Exercise aim: I would like the lines below, from the one with "Les chiots de Berger Australien" through the one with "Euphorbia Najuneranatanii - 90 Cm", copied exactly and without any pictures.

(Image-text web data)
* * * * * * *
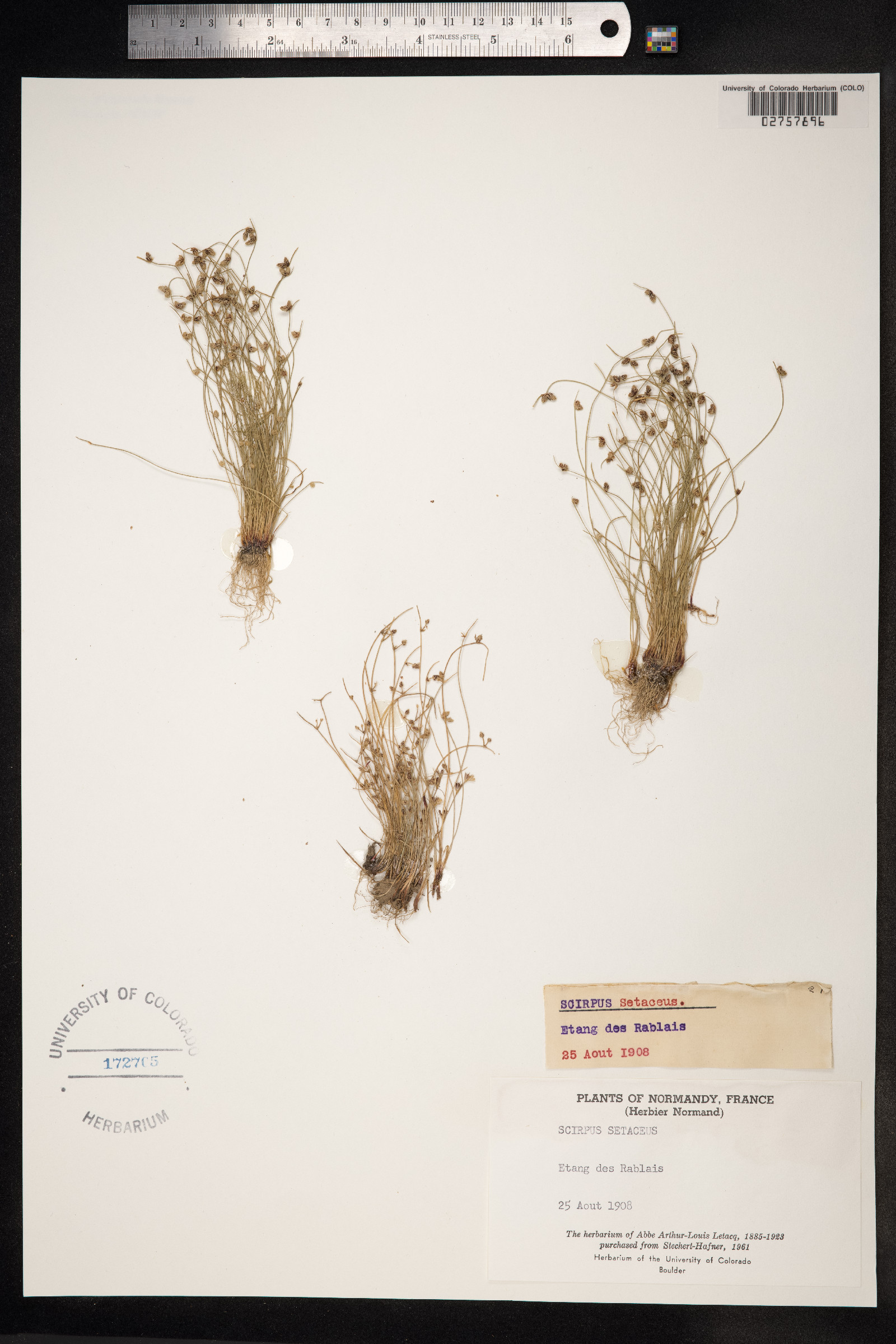 Isolepis setacea image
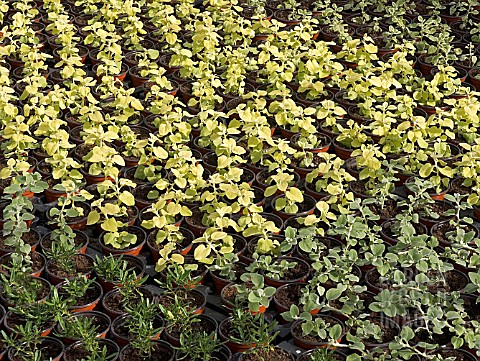 HELICHRYSUM_PETIOLARE_IN_POTS_FOR_SALE_REDY_TO_PLANT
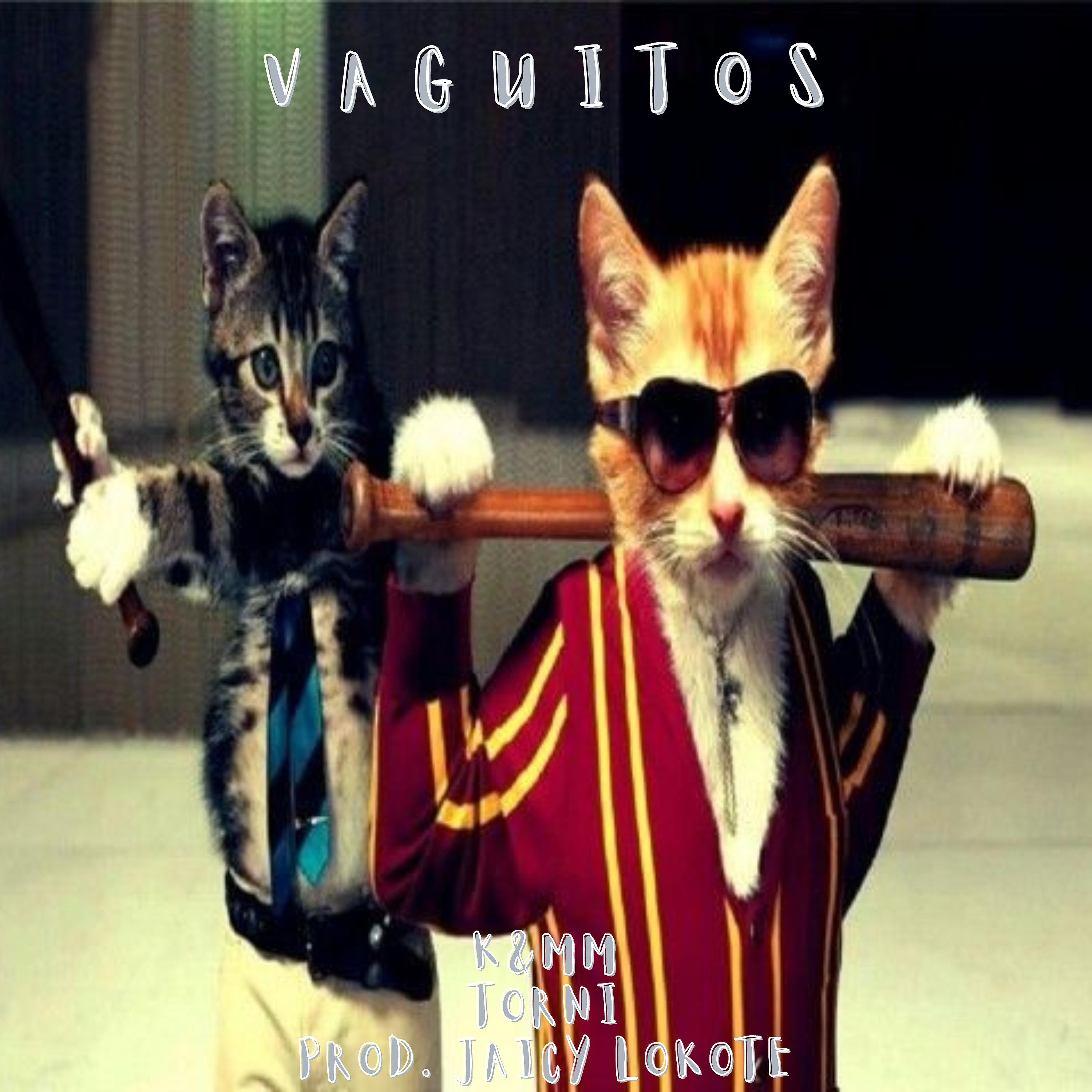 Постер альбома Vaguitos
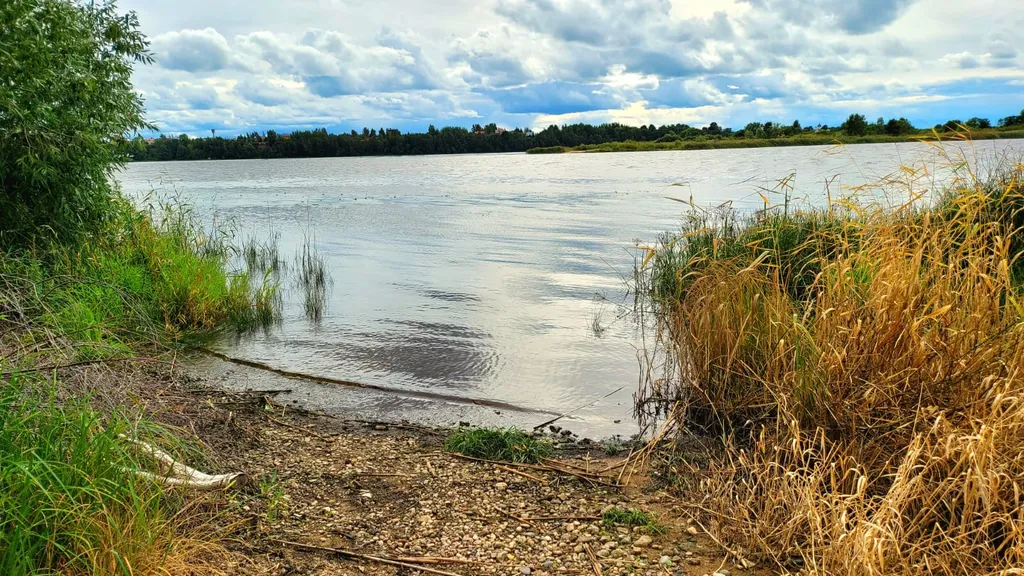 Дом с Русской баней возле Псковского озера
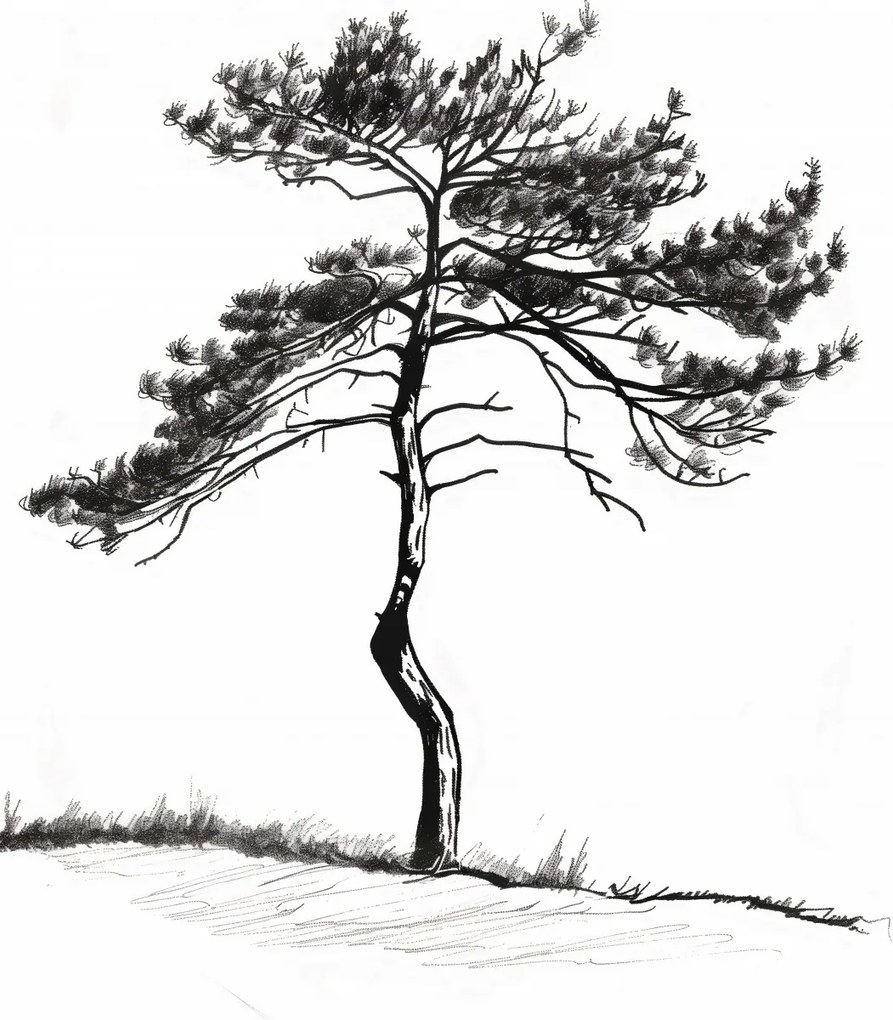 Poszter 42x59,4cm Magányos fenyő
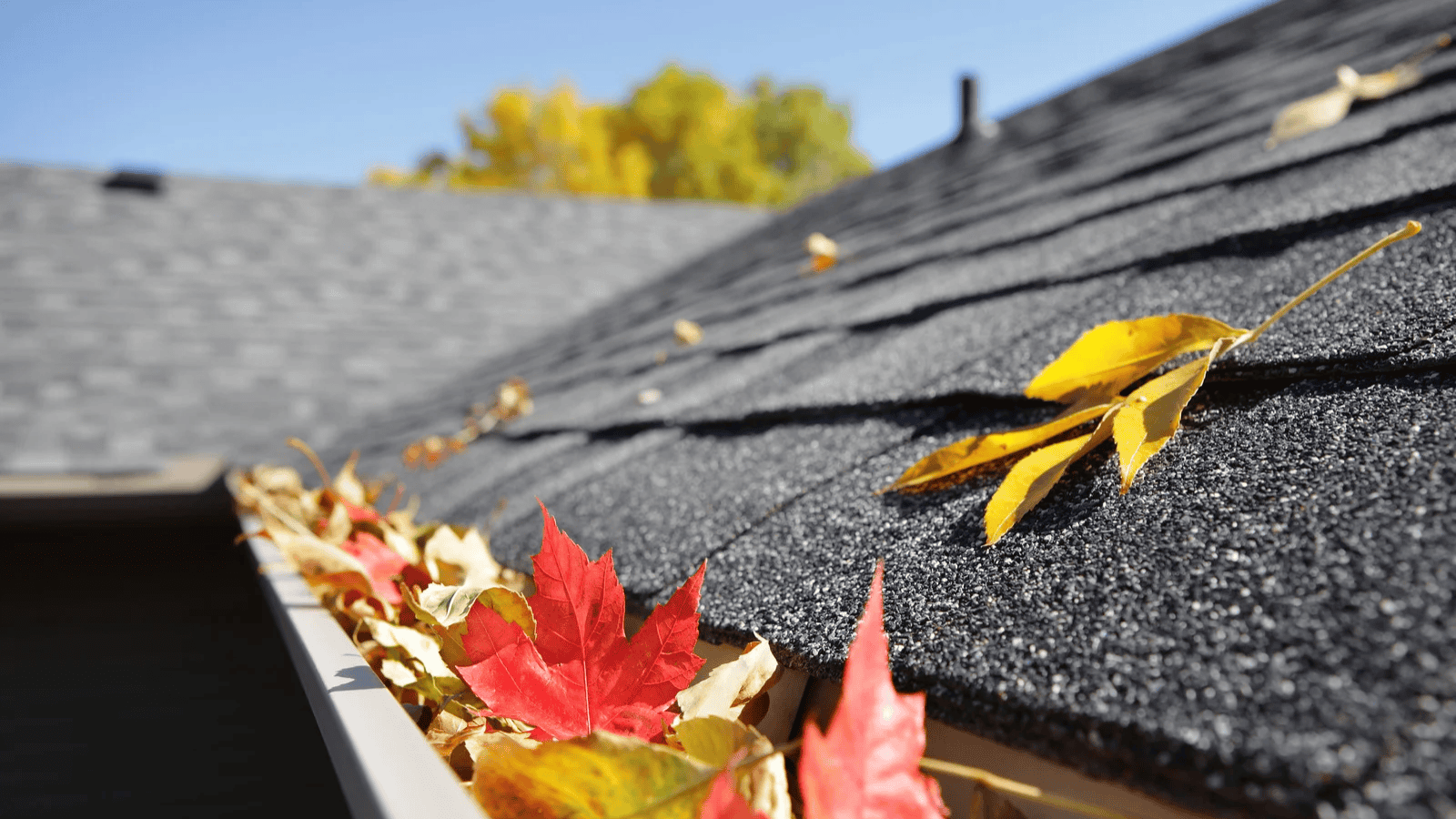 Think safety in fall as weather changes - Baton Rouge Clinic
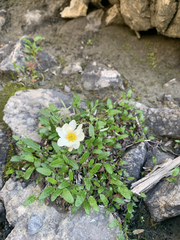 Dryas integrifolia sylvatica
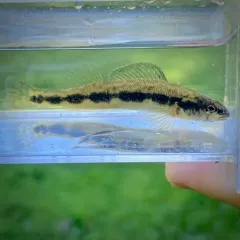 Blackside Darter thumbnail 1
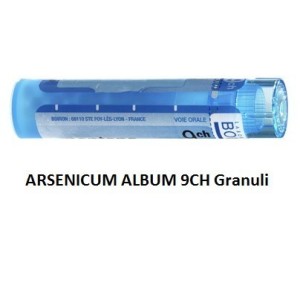 Arsenicum album 9ch 80gr 4g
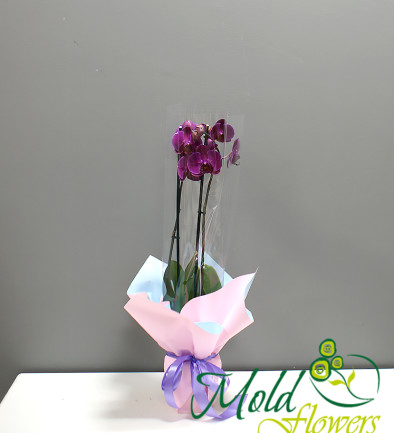 Фиолетовая орхидея большая из 2 веток Фото 394x433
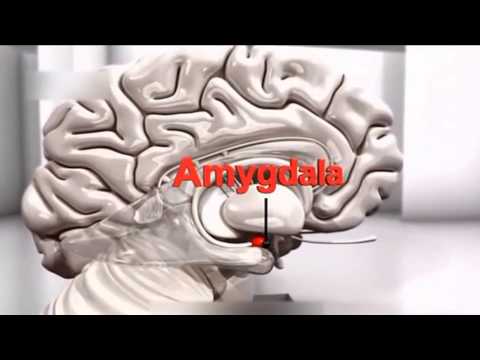 Jak oszukać umysł Dokumentalny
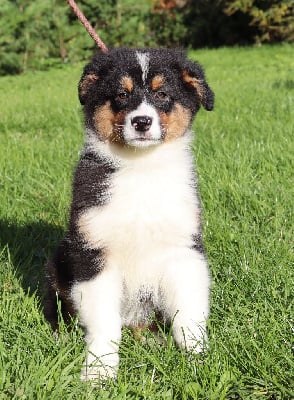 Les chiots de Berger Australien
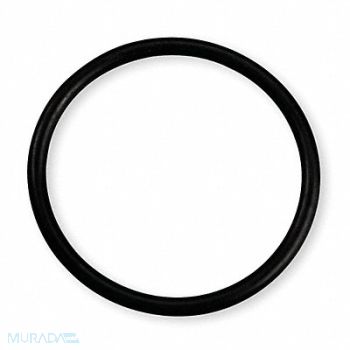 PROTO O Ring, 2Q120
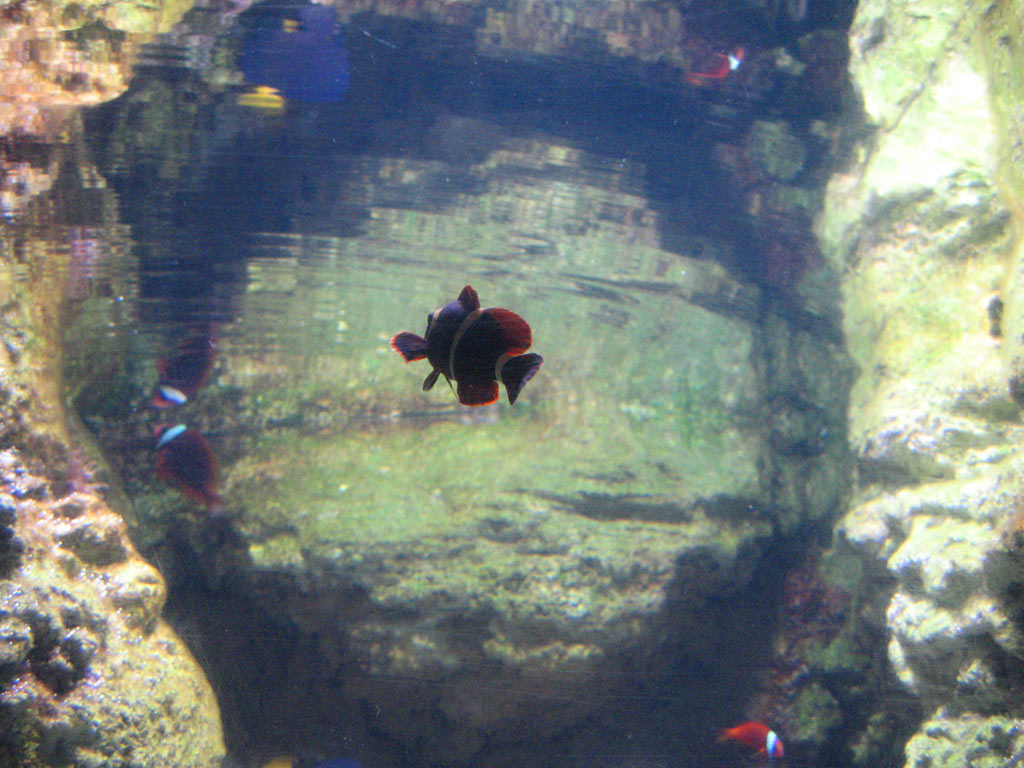 aquarium cineaqua paris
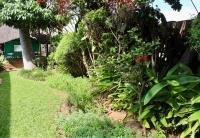 The Leafy Haven Guest Home - B&B Harare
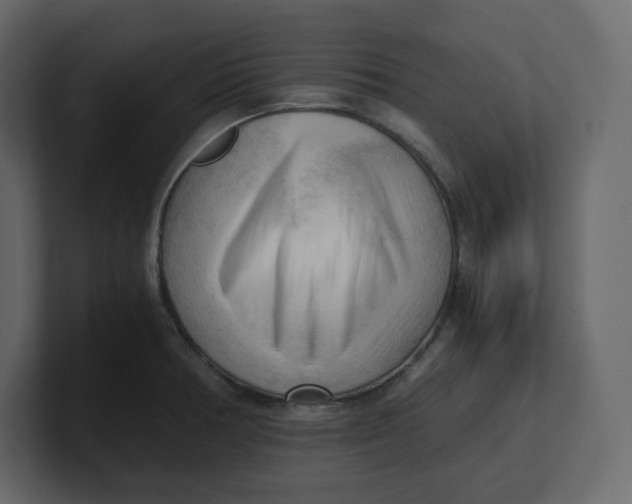 X0000100931378200807151235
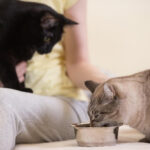 introducing two cats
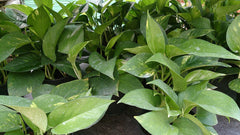 Hawaiian Pothos (Epipremnum aureum 'Hawaiian') — live plant from Wade Greens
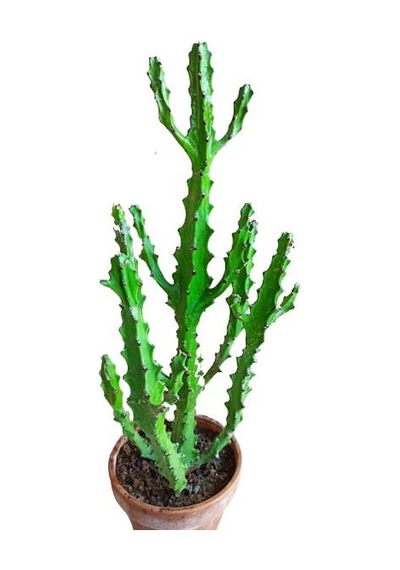Euphorbia Najuneranatanii - 90 Cm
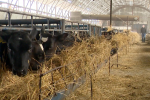 Ямальские производители молочной продукции приступят к маркировке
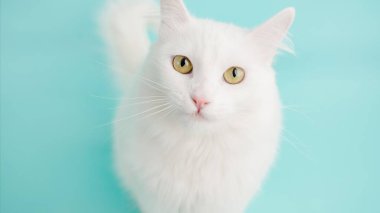 Beyaz Türkçe angora kedisi zarif sarı gözleri ile narin mavi arka planda poz veriyor, zarafet ve cazibe yayıyor.
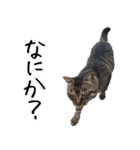 ももと愉快なアニマルたち（個別スタンプ：6）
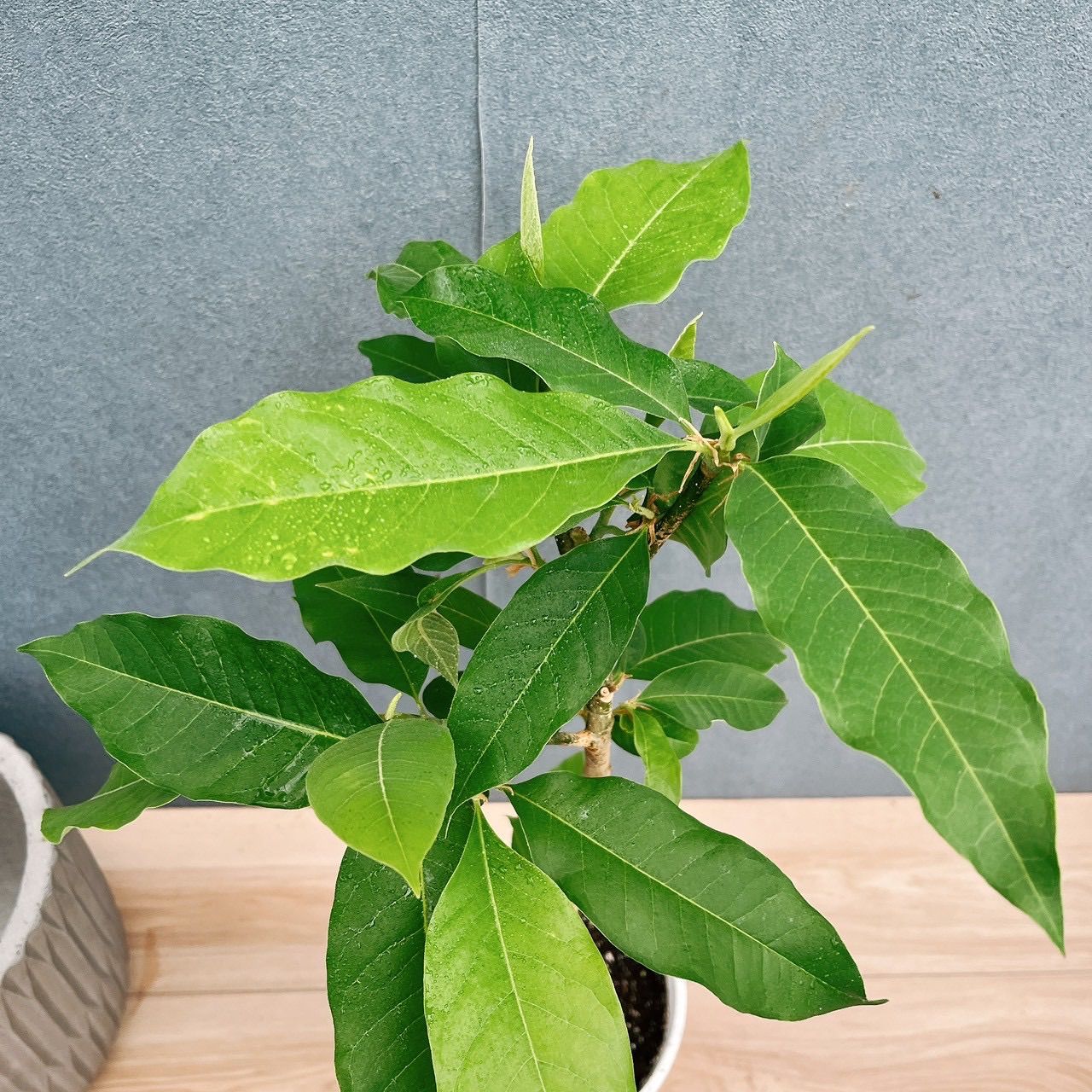 在庫］キンコウボク 7号 観葉植物 屋外 珍しい 金厚朴 香水 花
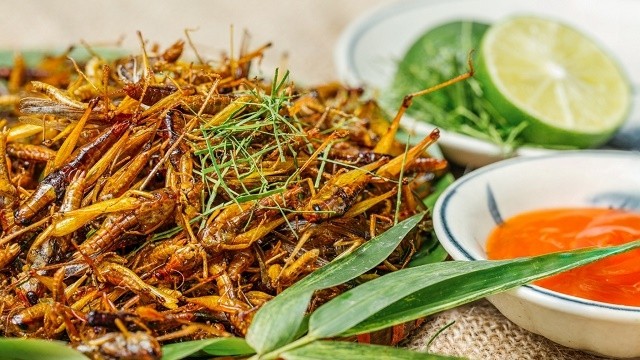 Roasted grasshoppers are popular as they are healthy and tasty. 
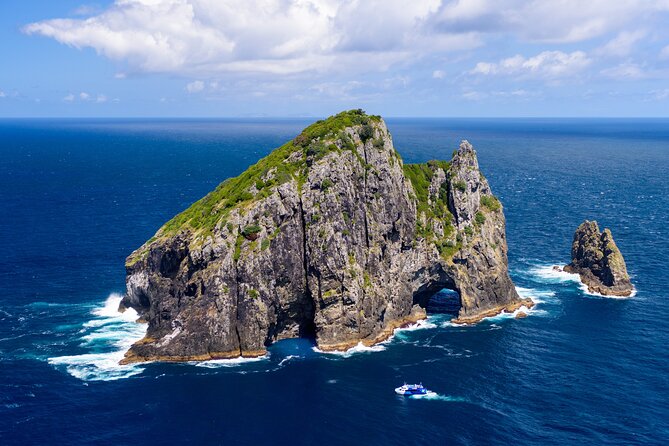 Bay of Islands Discovery Experience from Auckland incl. Hole In The Rock Cruise - What the $650.98 price really buys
* * * * * * *
The answer:
 Les chiots de Berger Australien
 PROTO O Ring, 2Q120
 aquarium cineaqua paris
 The Leafy Haven Guest Home - B&B Harare
 X0000100931378200807151235
 introducing two cats
 Hawaiian Pothos (Epipremnum aureum 'Hawaiian') — live plant from Wade Greens
Euphorbia Najuneranatanii - 90 Cm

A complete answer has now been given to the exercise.